Private insurance companies manage Medicare Advantage plans. Medicare Advantage plans are generally required to cover the same types of services as original Medicare. How long care is paid for under these plans may vary, or there may be other differences. Medicare Advantage may also discount some services or cover more services including prescription drugs, vision or dental care. You can expect to pay more for these services.

Medicare Advantage plans may be structured like a PPO or HMO. A Medicare Advantage plan may require you to use hospitals or physicians in their network. Understand the size of the network and choose one with a large network if this is important to you. Like commercial HMOs, seeing a physician specialist may require a referral from your primary care physician. Learn about these and other restrictions when you compare plans.

You may join a Medicare Advantage plan when you first enroll in Medicare. This period begins three months before and ends three months after the month you turn 65. After that, you can usually change your coverage twice a year. Between November 15 and December 31 each year, you can make changes to your plan. You have a second chance during the "open enrollment period" between January 1 and March 31. However, during this time, the changes you can make to your coverage are restricted, especially with regard to adding or dropping drug coverage.

For more on Medicare and Medicare Advantage plans visit the Medicare website or call 1-800-MEDICARE. If you're in a Medicare Advantage plan, you usually cannot sign up for a Medicare Prescription Drug Plan on your own. Instead, you should get your drug coverage through your Medicare Advantage plan.

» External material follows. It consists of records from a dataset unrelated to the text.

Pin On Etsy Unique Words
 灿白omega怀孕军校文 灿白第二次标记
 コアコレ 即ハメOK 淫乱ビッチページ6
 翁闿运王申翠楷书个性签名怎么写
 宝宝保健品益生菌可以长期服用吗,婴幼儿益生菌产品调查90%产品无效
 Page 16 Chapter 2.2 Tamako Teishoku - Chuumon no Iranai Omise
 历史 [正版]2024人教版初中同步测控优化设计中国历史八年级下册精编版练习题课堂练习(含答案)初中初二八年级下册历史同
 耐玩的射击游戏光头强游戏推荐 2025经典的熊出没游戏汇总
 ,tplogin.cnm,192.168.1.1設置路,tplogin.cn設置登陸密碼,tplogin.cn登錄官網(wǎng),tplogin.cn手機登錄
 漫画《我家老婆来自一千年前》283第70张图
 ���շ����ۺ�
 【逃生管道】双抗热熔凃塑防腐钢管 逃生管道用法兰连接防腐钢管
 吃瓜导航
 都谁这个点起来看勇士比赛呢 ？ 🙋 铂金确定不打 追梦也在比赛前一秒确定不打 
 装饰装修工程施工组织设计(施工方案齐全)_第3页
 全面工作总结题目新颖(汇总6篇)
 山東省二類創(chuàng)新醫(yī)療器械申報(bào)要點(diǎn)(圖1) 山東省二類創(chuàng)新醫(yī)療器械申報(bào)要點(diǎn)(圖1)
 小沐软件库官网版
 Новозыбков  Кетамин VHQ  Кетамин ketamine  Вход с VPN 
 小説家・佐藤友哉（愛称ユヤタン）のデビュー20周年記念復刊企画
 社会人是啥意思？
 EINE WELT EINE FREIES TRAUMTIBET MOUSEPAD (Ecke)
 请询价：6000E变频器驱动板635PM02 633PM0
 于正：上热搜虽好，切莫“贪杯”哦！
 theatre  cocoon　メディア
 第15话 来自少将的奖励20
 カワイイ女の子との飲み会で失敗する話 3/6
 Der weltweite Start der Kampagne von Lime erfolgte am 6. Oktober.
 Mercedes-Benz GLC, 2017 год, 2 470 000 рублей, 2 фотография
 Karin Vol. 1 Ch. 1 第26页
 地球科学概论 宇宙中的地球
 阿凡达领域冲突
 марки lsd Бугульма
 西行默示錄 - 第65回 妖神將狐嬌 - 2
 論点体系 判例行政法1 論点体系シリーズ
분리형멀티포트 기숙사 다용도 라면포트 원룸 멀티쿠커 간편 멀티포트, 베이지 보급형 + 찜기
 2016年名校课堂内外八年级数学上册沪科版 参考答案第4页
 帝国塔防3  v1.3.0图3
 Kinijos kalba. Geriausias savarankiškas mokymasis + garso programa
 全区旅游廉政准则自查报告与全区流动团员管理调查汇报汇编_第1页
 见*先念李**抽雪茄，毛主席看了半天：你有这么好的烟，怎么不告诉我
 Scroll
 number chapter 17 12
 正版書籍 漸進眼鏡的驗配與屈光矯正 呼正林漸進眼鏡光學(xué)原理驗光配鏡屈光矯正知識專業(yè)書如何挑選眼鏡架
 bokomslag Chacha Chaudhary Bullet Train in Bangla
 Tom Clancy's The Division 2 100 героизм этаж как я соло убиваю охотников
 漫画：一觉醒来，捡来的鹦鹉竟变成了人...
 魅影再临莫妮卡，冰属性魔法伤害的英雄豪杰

Medicare Prescription Drug Plans: Medicare Part D

Medicare prescription drug plans provide some insurance coverage for brand name and generic prescription drugs. Medicare works with insurers to offer many different plans. These plans are administered by private companies and approved by Medicare. They add prescription drug coverage to the original Medicare plan, some Medicare cost plans, some Medicare private fee-for-service plans and Medicare medical savings account plans. Common features usually include:

  • a monthly premium- in 2008 premiums averaged just below $25 a month
  • an annual deductible- in 2008 this was usually about $275 a year before you can receive benefits
  • a copay amount for a prescription- either a flat dollar amount or a percentage of the medications cost and
  • A coverage gap called a “doughnut hole”- Medicare stops paying once $2,510 in prescription costs are paid (by you and the plan ) during a year. When that amount reaches $4,050 Medicare starts paying again and will pay 95% of your costs for the rest of the year.

Costs and benefits may vary among plans. Use the Medicare Prescription Drug Plan Finder to learn more about plans in your area, what they cover, the costs and even to enroll. In some cases if your income is below a certain amount you may not have to pay the monthly fee and your co-payments could be less when you buy drugs.